The Ashes urn © Getty Images

The original Ashes urn left the UK on Sunday night for a rare promotional tour of Australia ahead of the crunch series with England this winter, starting on November 23.

The tiny, delicate urn, and 30 other cricketing artefacts dating back to 1882, were carefully loaded on to a Virgin Atlantic flight from Heathrow.

England’s Ashes-winning captain Michael Vaughan saw the flight off ahead of the three-month tour which will see the urn exhibited in museums across Australia.

The urn will be transported around Australia by Virgin Blue, the airline’s low-cost carrier, and will be accompanied by MCC curator Adam Chadwick and historian Glenys Williams.

It will be only the third time since 1927 that the four-inch terracotta pot has left the MCC’s base at Lords.

It was displayed in London’s Victoria and Albert Museum in the 1970s and went to Australia in 1988 to mark the country’s bicentenary.

Virgin boss Sir Richard Branson said: “Everyone at Virgin Atlantic is very excited and proud to be given the honour of carrying the Ashes urn to Australia.

Ashes tour

“I am really excited that millions of cricket-mad Australians will be given the chance to see this world famous artefact again.”

Keith Bradshaw, MCC secretary and chief executive, said: “The Ashes Exhibition is a hugely ambitious project.

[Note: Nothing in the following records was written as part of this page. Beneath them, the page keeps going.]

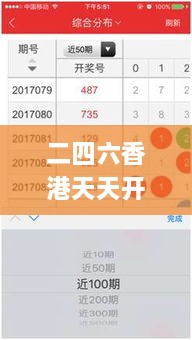 二四六香港天天開彩大全,新式數(shù)據解釋設想_POI43.612潮流版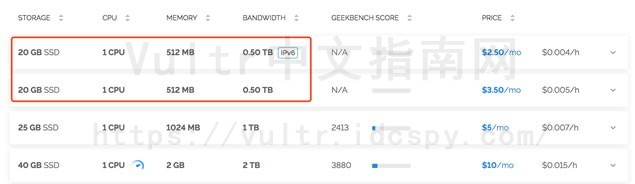 Vultr方案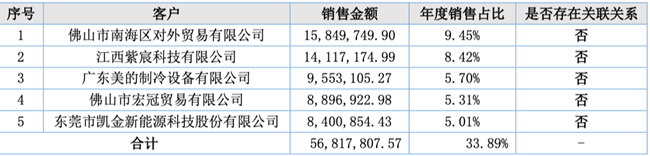 「新鼎资本研究」新三板优质企业之一百三十九——欣源股份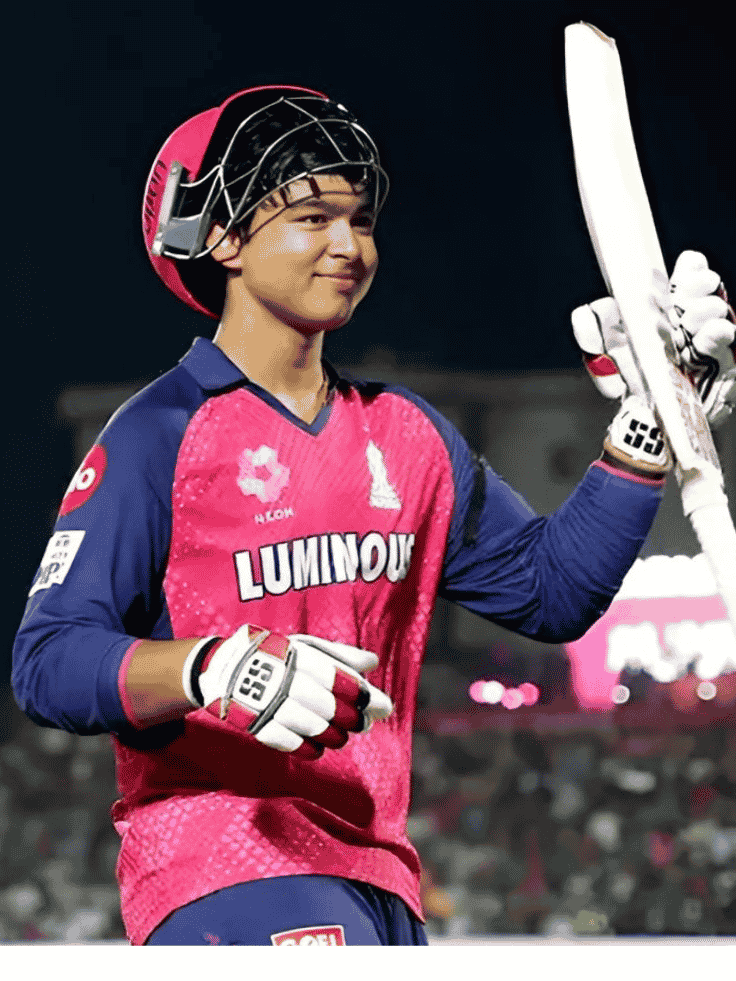 Centuries Records of Vaibhav Suryavanshi in T 20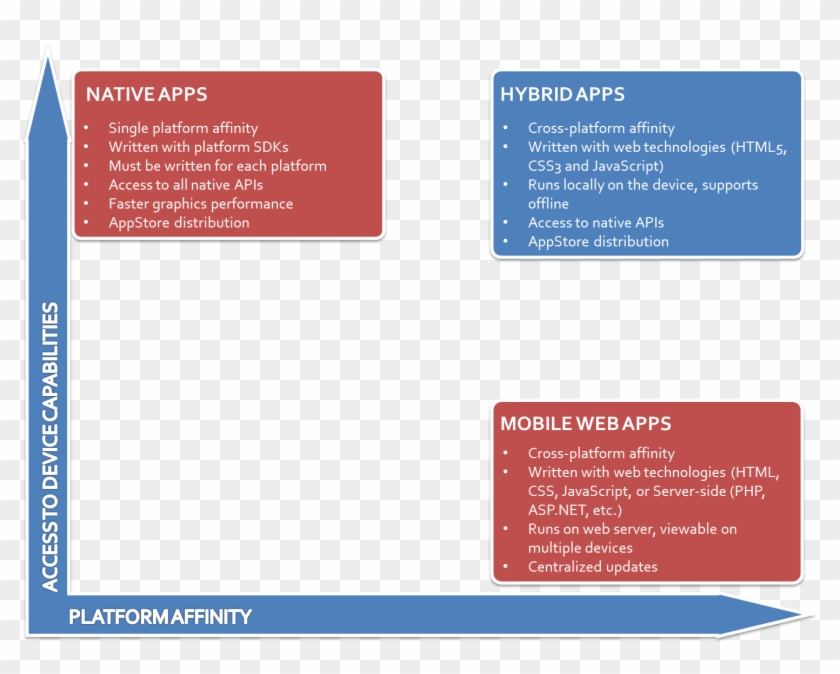 Adf Mobile的架构在hybrid Mobile架构的基础上做了扩展， 其架构如下图所示： - Adf Mobile的架构在hybrid Mobile架构的基础上做了扩展， 其架构如下图所示： #1770733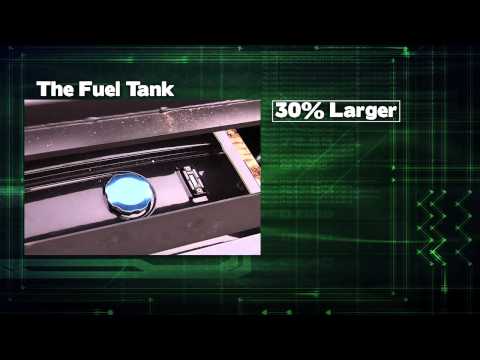 Theft Resistant Portable Generators by SafeCross Solutions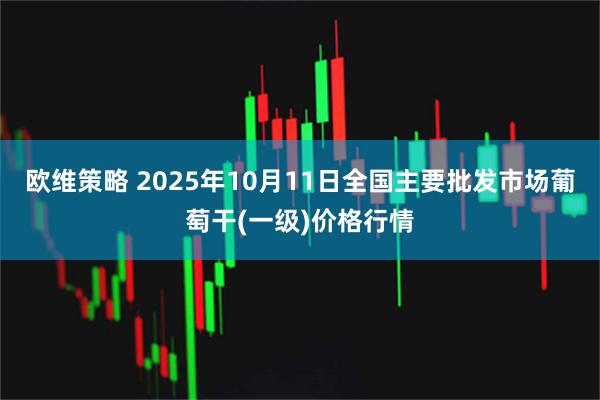 欧维策略 2025年10月11日全国主要批发市场葡萄干(一级)价格行情
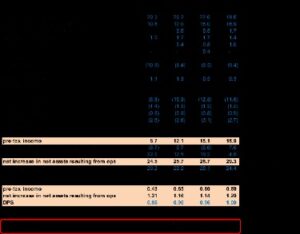 what is billing in accounting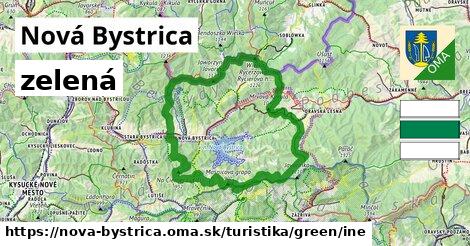 Nová Bystrica Turistické trasy zelená iná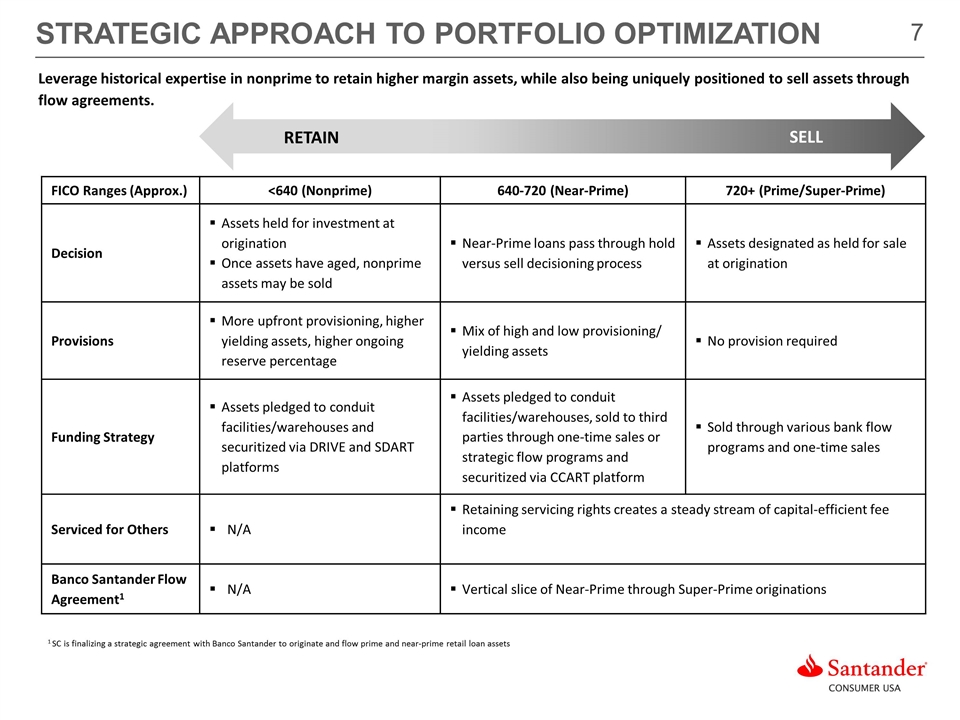 Slide 7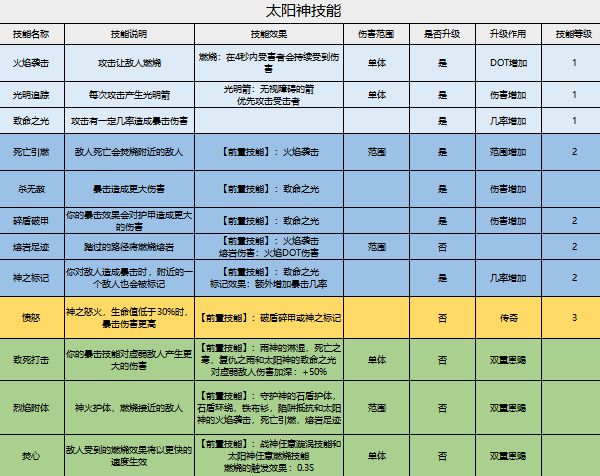 家园守卫2 多样的角色选择以及快速的升级方式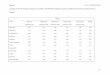Table S1. Loadings on the First Principal Component of ... · Loadings on the First Principal Component of Subtests of the Wechsler Intelligence Scale for Children or Its Revisions,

The urn, and associated artefacts, will be covering over 26,000 miles on their tour around Australia, and we are extremely grateful to Virgin Atlantic, the official carrier, as well as Travelex, the exhibition sponsor, for their support.

“Together, we are offering cricket fans in Australia a unique opportunity to see on display the most potent symbol in cricket. I hope that as many people as possible will take the opportunity to view the exhibition.”

The original urn dates back to the 1882 game between the two countries at the Oval when it was given to England captain Ivo Bligh, later to become Lord Darnley, after the Aussies won the series.

The Sporting Times carried a mock obituary to English cricket which concluded: “The body will be cremated and the ashes taken to Australia.”

The urn, which is said to contain the remains of the bails and stumps from the Oval test, was donated to the MCC in 1927 by Lord Darnley’s widow.